Trump seeks extra $1.6 billion in NASA spending under goal of returning to moon


U.S. President Donald Trump listens to questions during a meeting with Hungary’s Prime Minister Viktor Orban in the Oval Office at the White House in Washington, U.S., May 13, 2019. REUTERS/Carlos Barria

WASHINGTON (Reuters) – The Trump administration asked Congress on Monday to increase NASA spending next year by an extra $1.6 billion to accommodate the accelerated goal of returning Americans to the surface of the moon by 2024.

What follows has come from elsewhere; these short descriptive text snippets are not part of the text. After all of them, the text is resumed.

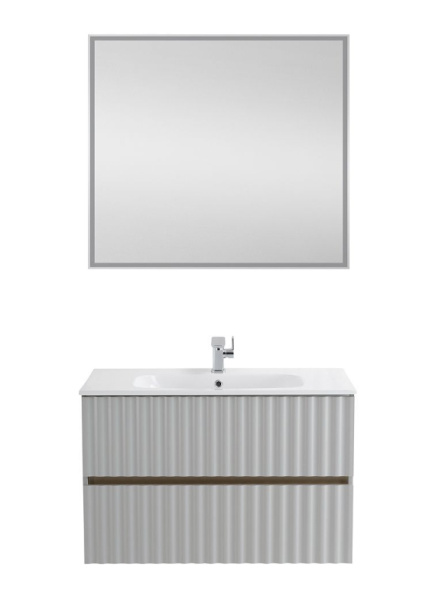 Тумба с раковиной Art&Max Elegant AM-ELEGANT-900-2C-SO-GCM-LED светло-серая матовая / с подсветкой фото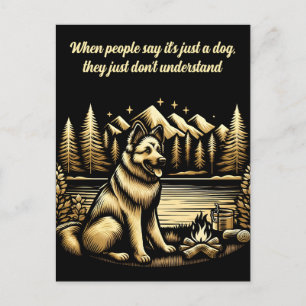 Golden German shepherd by the Campfire Postcard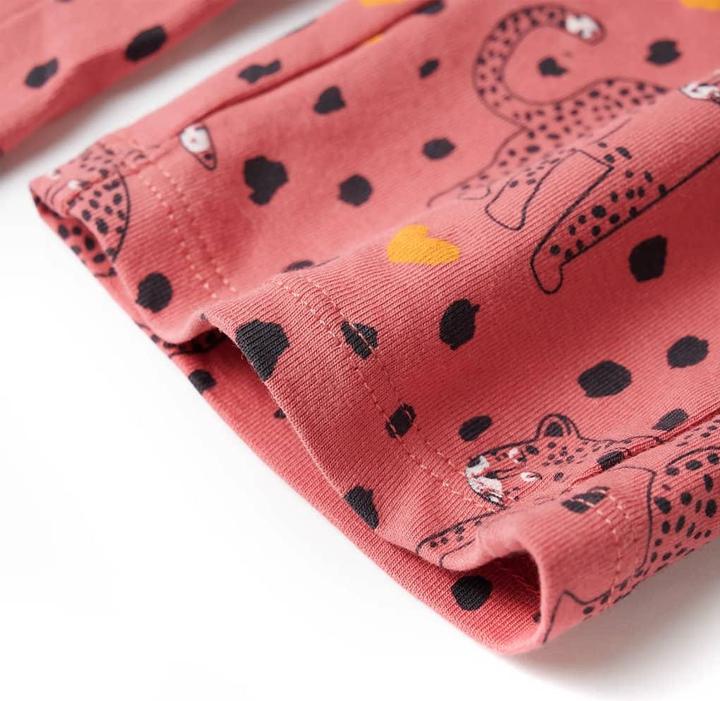 Produktbild VidaXL Kinderpyjama mit Langen Ärmeln Altrosa 140,Material: 95 (140)
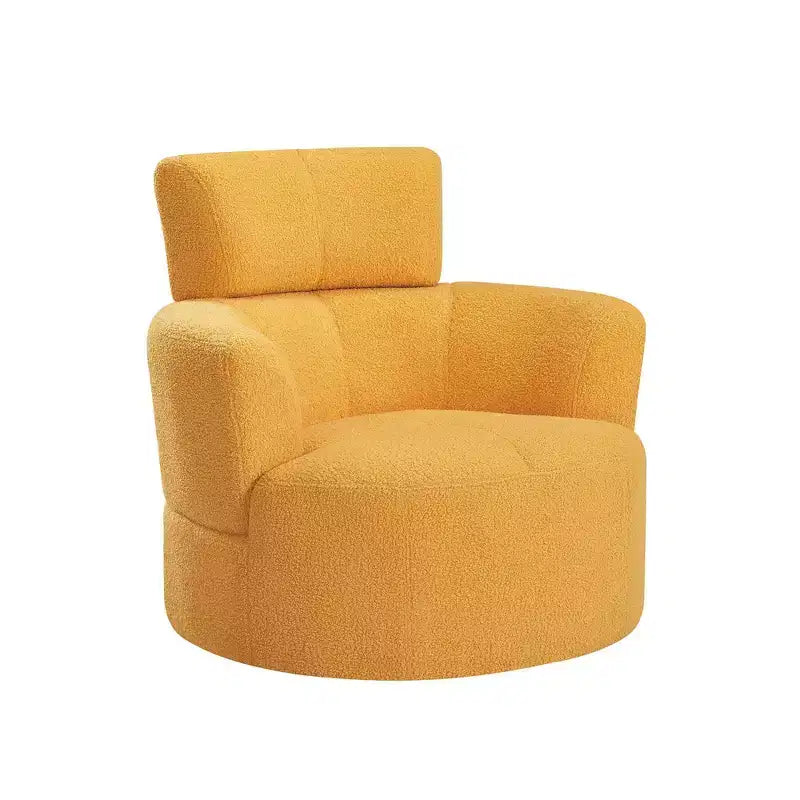 Fauteuil pivotant Okak 360, fauteuil d'appoint en peluche avec appuie-tête réglable, chaises confortables pour le salon, le bureau, la chambre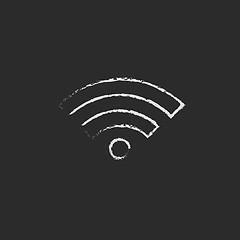 Image showing Wifi icon drawn in chalk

The increased funding request, announced by President Donald Trump on Twitter, comes nearly two months after Vice President Mike Pence declared the objective of shortening by four years NASA’s timeline for putting astronauts back on the moon for the first time since 1972.

The proposed increase would bring NASA’s total spending level for the 2020 fiscal year to $22.6 billion. The bulk of the increase is earmarked for research and development for a human lunar landing system, according to a summary provided by NASA.

“Under my Administration, we are restoring @NASA to greatness and we are going back to the Moon, then Mars,” Trump tweeted late on Monday. “I am updating my budget to include an additional $1.6 billion so that we can return to Space in a BIG WAY!”

NASA had previously aimed to return crewed spacecraft to the lunar surface by the year 2028, after first putting a “Gateway” station into orbit around the moon by 2024.

The newly accelerated goal – an endeavor likely to cost tens of billions of dollars – comes as NASA has struggled with the help of private partners to resume human space missions from U.S. soil for the first time since the shuttle program ended in 2011.

The U.S. Apollo program, NASA’s forerunner to the effort at returning humans to Earth’s natural satellite, tallied six manned missions to the moon from 1969 to 1972.

So far, only two other nations have conducted controlled “soft” landings on the moon – the former Soviet Union and China. But those were with unmanned robot vehicles.